EXERCISE GOAL: The response should consist of the listing, repeated word for word.

INFORMATION SHOWN:
···
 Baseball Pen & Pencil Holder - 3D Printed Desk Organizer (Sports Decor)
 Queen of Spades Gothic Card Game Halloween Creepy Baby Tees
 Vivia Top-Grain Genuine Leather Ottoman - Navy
···
WRITTEN SOLUTION:
 Baseball Pen & Pencil Holder - 3D Printed Desk Organizer (Sports Decor)
 Queen of Spades Gothic Card Game Halloween Creepy Baby Tees
 Vivia Top-Grain Genuine Leather Ottoman - Navy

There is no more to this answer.